▶ [PROBLEM TO SOLVE] Restate exactly the lines of the entries below, beginning with the first and ending with the line that holds "Rusty Canvas Chino". Pictures are not copied.

▶ [Source records]
┌──
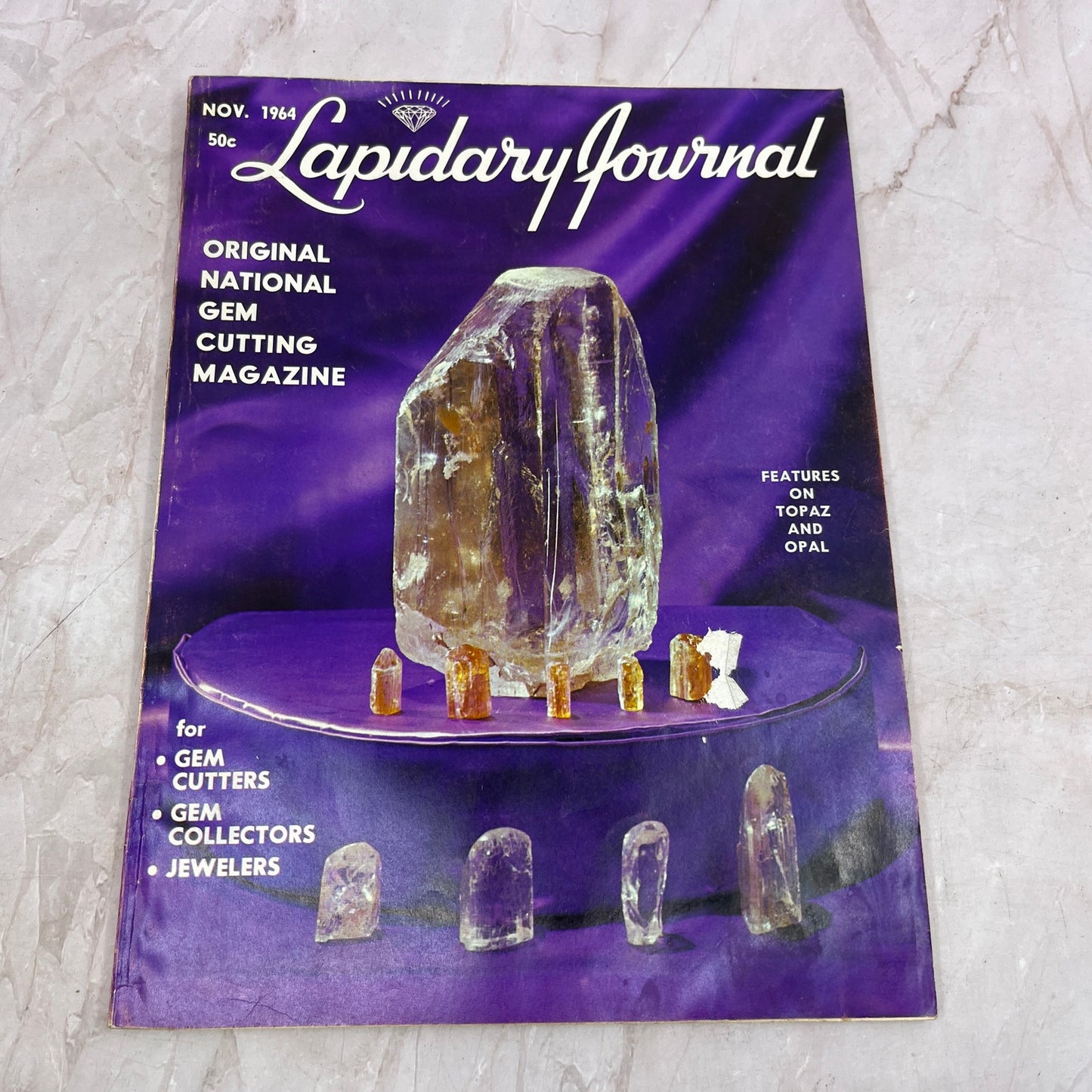 Topaz and Opal Features - Lapidary Journal Magazine - Nov 1964 M22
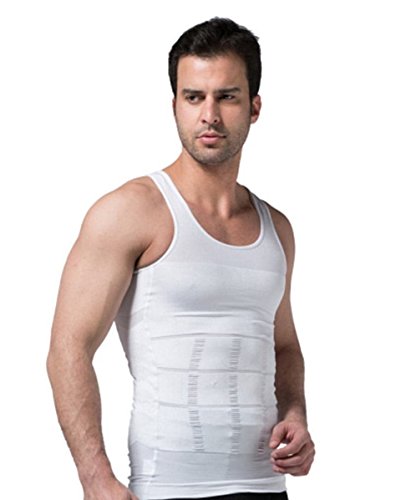 Zerobodys SLIMMING VEST BODY SHAPER - BLACK,WHITE,BLUE - SMALL to XX-LARGE (White, Medium)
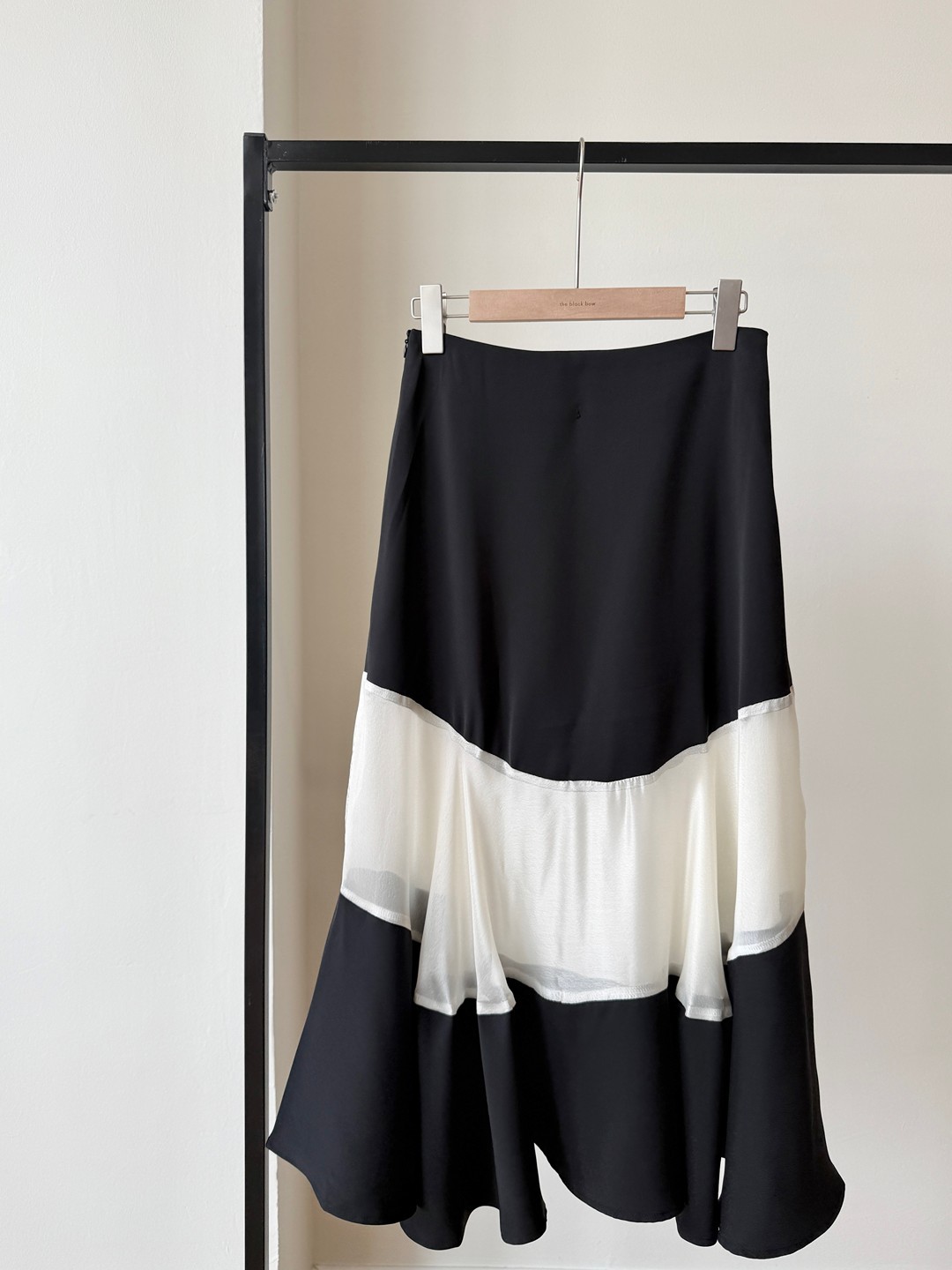 Moonrya Sheer Hem Panel Maxi Skirt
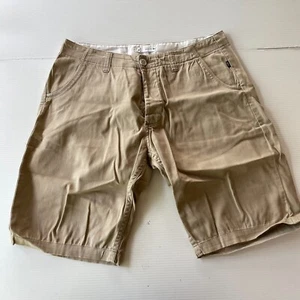 Rusty Canvas Chino Shorts Mens Size 30 Waist Beige Casual Style Fashion Fit - Foto 1 di 12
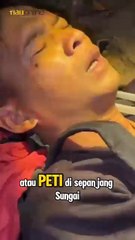 Buru Pelaku PETI Kuansing, Polisi Jalan Kaki Terobos Lumpur dan Semak Belukar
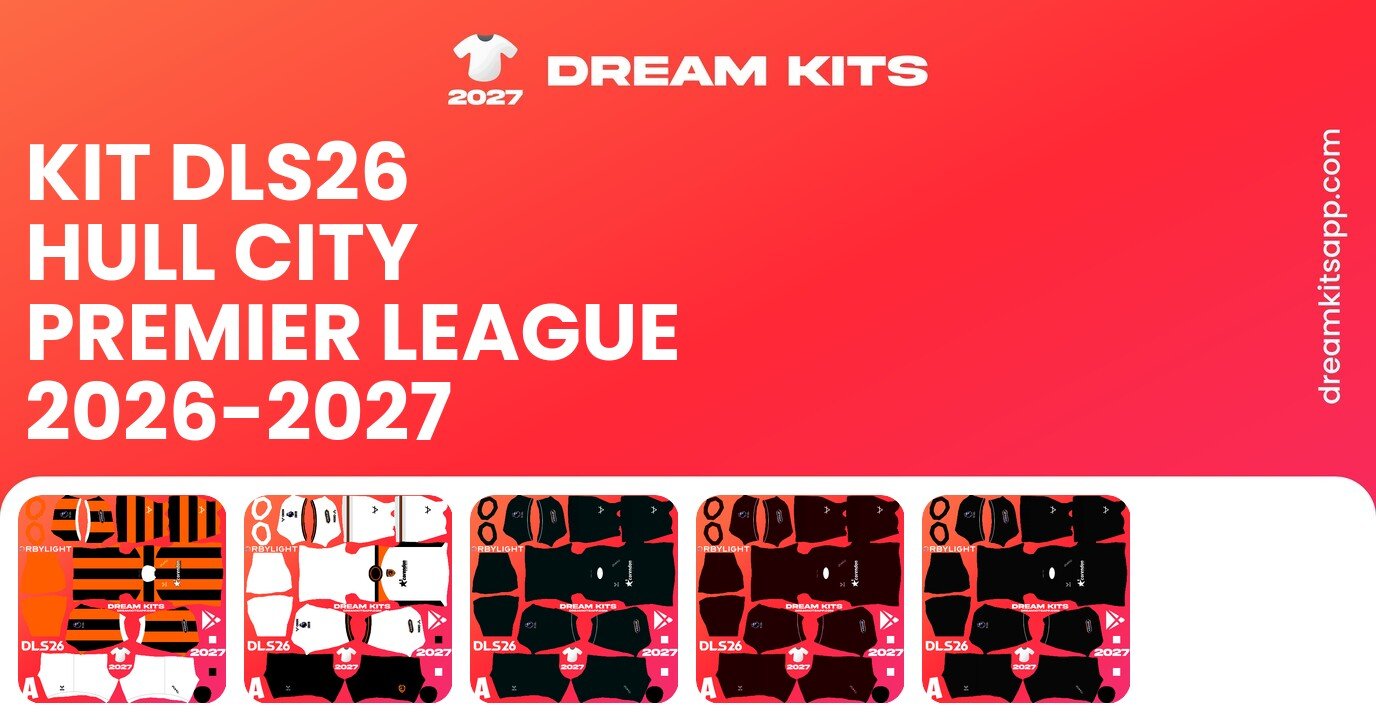 Hull City Kits Premier League 2026-2027 DLS26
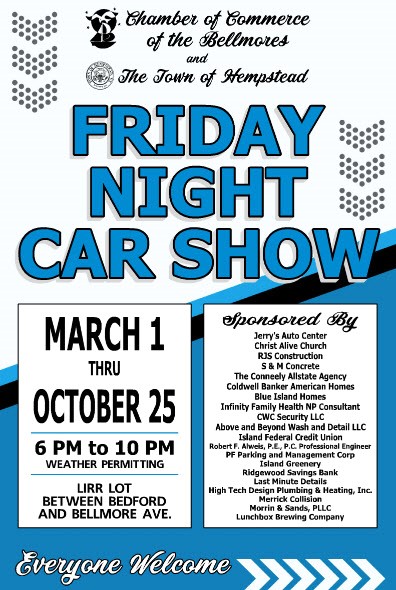 Friday Car Show In Bellmore, Bellmore, NY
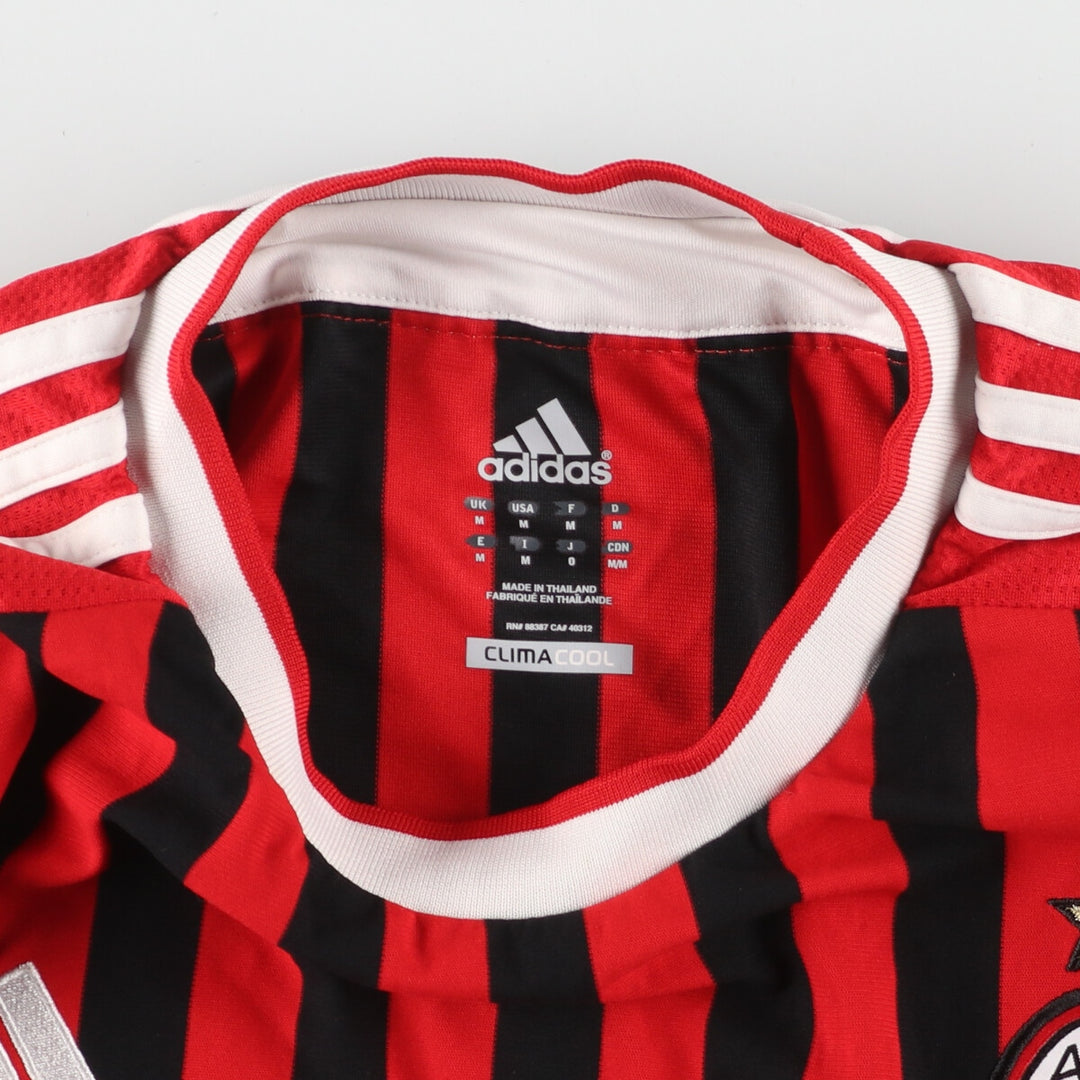 Adidas CLIMA COOL AC Milan Stripe Pattern Soccer Jersey Game Shirt Men's M /eaa456339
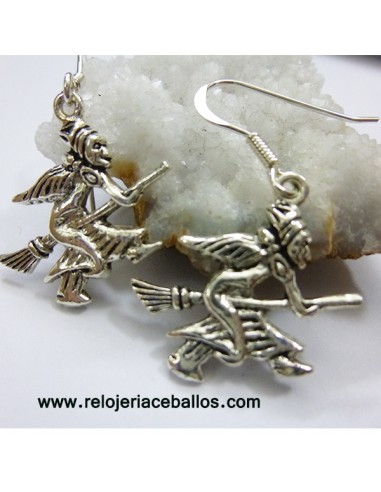 Pendiente Bruja de plata PBR1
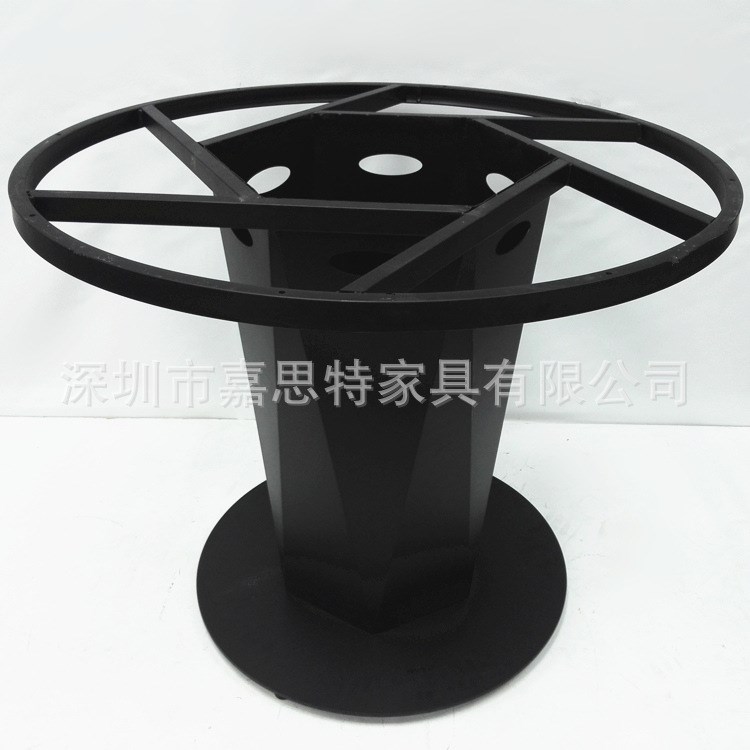 餐廳圓形烤漆餐桌架 鑄鐵桌腳 餐桌腳 1.5米大圓桌桌架
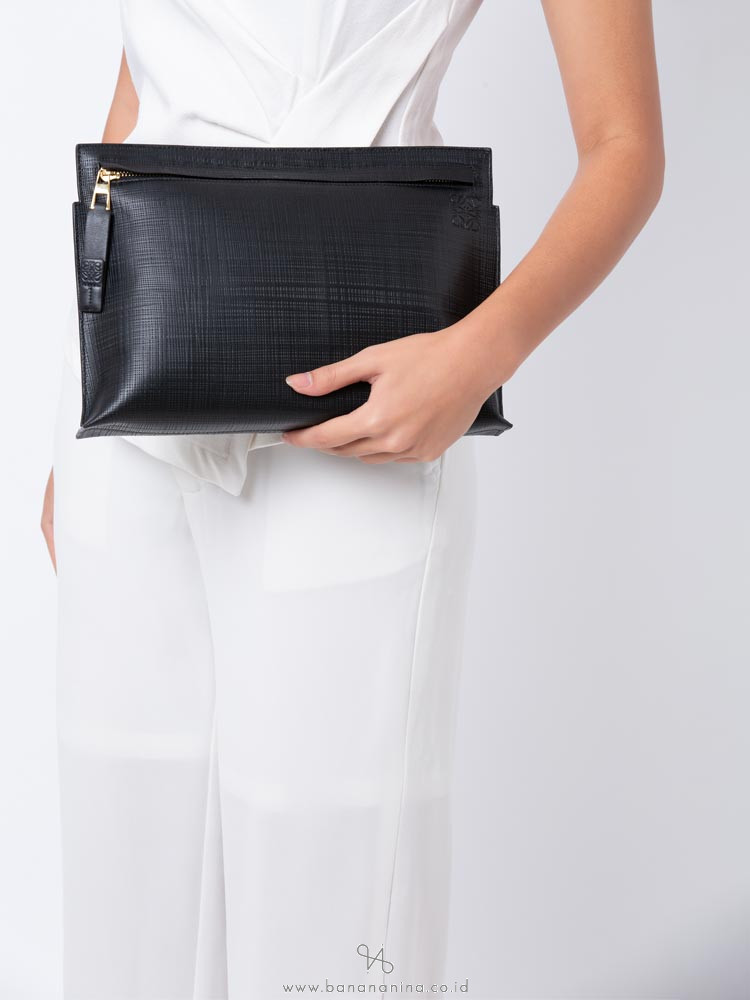 LOEWE T Pouch Linen Black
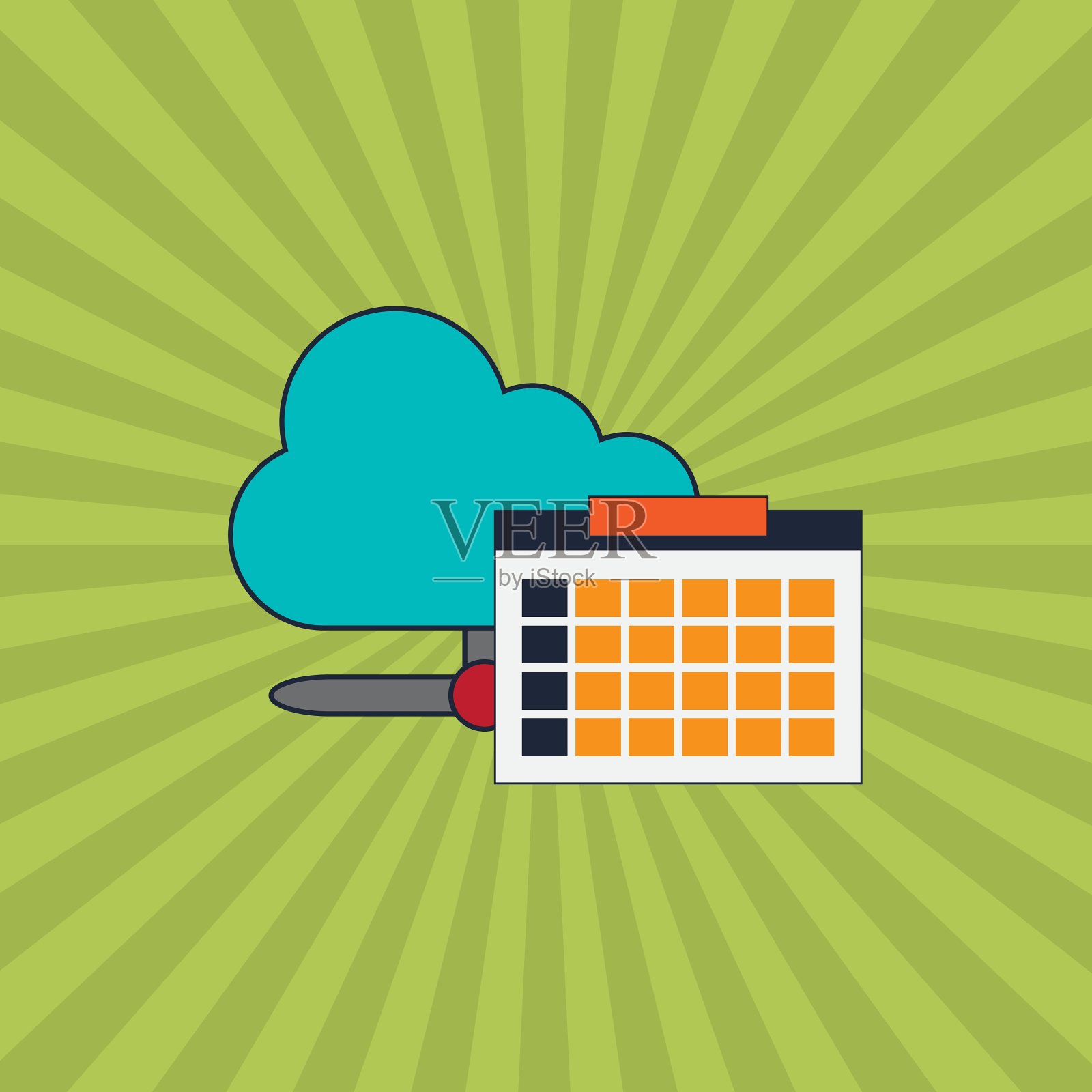 数字营销设计互联网概念插画图片素材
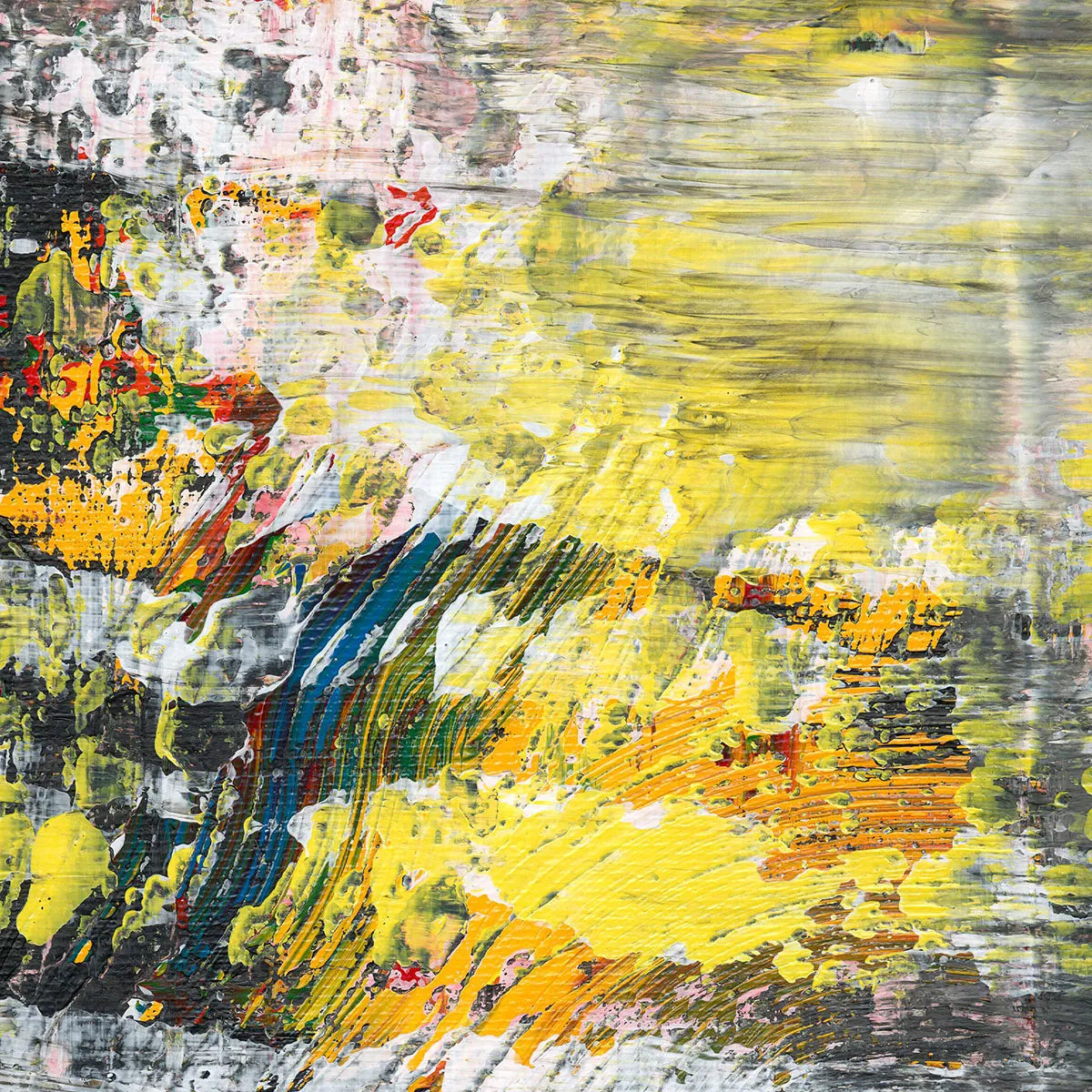 Whispers of Twilight -Red Unicorn Art - Original abstract impressionist painting with vibrant, bold colors and rich, thick textures. One-of-a-kind, hand-painted art crafted with love for over 15 years."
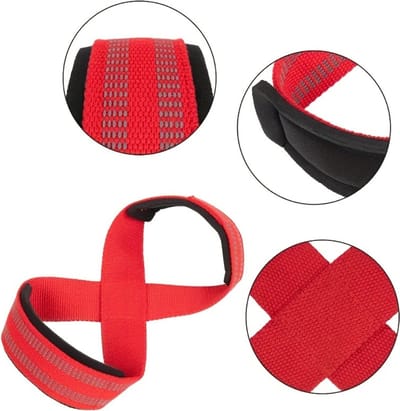 Livano Wrist Wraps - Lifting Straps - Crossfit Grips - Polsband - Krachttraining - Fitness - Deadlift - 8 Vormig - Rood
└──
▶ [RESULT FOR THIS TASK]
 Topaz and Opal Features - Lapidary Journal Magazine - Nov 1964 M22
 Zerobodys SLIMMING VEST BODY SHAPER - BLACK,WHITE,BLUE - SMALL to XX-LARGE (White, Medium)
 Moonrya Sheer Hem Panel Maxi Skirt
 Rusty Canvas Chino Shorts Mens Size 30 Waist Beige Casual Style Fashion Fit - Foto 1 di 12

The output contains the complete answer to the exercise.